SALEM — The LEAP for Education Summer Work program’s gallery walk showcased the talent and intelligence of 100 students at Salem State University’s South Campus on Thursday.
Of the 50 students from Lynn who participated in the program, three students also had the opportunity to present for Lt. Gov. Kim Driscoll and state Reps Dan Cahill and Manny Cruz.
The LEAP for Education Summer Work program recruits high-school students from Lynn and Salem to participate in a 20-hour paid work week. Students are paired with a mentor from a field that matches their interests after taking a career-interests quiz.
During the six-week program, students participate in career-readiness and financial-literacy workshops, hear from professionals in different fields, participate in college fairs, and ultimately complete a project that challenges them to display skills they learned in the field they are interested in.

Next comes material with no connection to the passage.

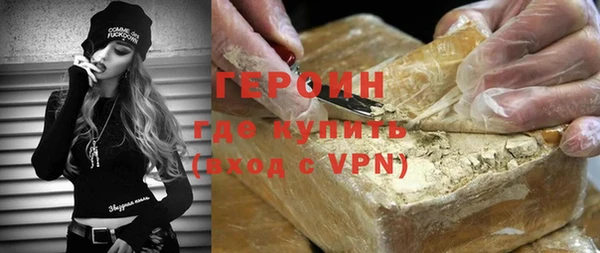марки nbome Волосово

LEAP Director of High School and Post-Secondary Programs Elizabeth Grella said the program this year “was overall extremely successful.”

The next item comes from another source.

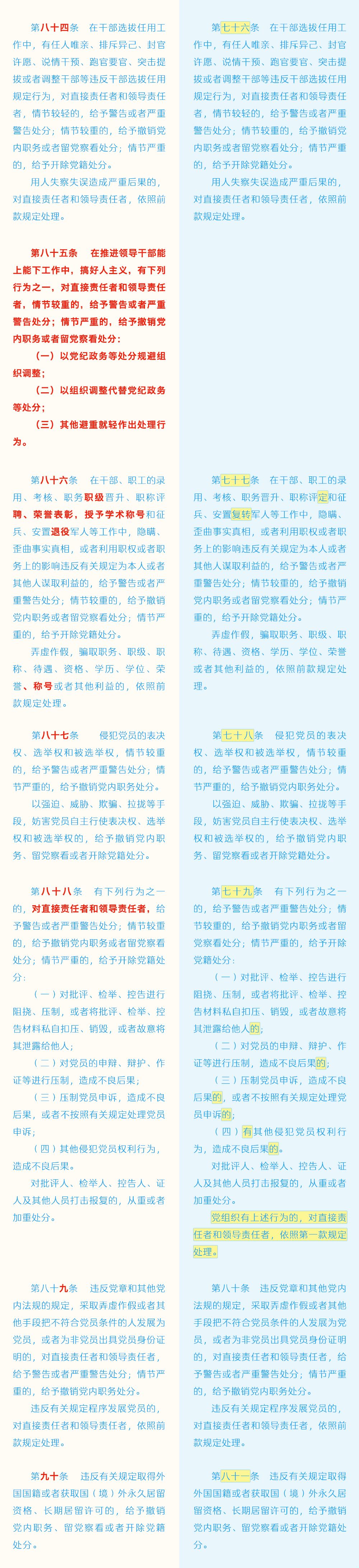 太阳集团2138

“I think the projects are a testament to how serious the kids were taking it, and how much creativity and depth and effort they put into these projects,” Grella said.
Liam Garcia, a rising freshman at Frederick Douglass Collegiate Academy, said he wants to be an architect like his father. He built a bridge with rulers and popsicle sticks with the goal of testing its strength with weights. The bridge ultimately broke at 51.8 pounds.
He added that he wants to become an architect because the only thing that limits an architect’s creativity is their brain.
Garcia’s mentor was Reed Brockman, a civil engineer at AECOM who also heads a bridge-building competition for fifth-graders through high-school seniors.
“You can tell he really loves what he’s doing,” Brockman said. “You can just tell he’s going to stick with it.”
Carla Rodriguez, a rising freshman at Lynn Tech, created a model for a robot designed to clean the bottom of the sea for her project.
She said she has had the idea of creating the robot for a long time, and thought this project was the perfect opportunity for her to pursue the idea.
Rodriguez also created a simulation of what the robot would look like if it were submerged in water, cleaning the ocean.
Alex Gonzalez, a rising junior at Lynn English High School, said he would definitely do the program again next year.
“I’m always confident when I’m in this building,” he said.
Gonzalez focused his project on how to become a software engineer. He taught his peers and legislators what colleges offer the best computer-science programs and what the salary range for a software engineer is.
He said he wanted to encourage his peers to “always smile and always remember that they are not useless.”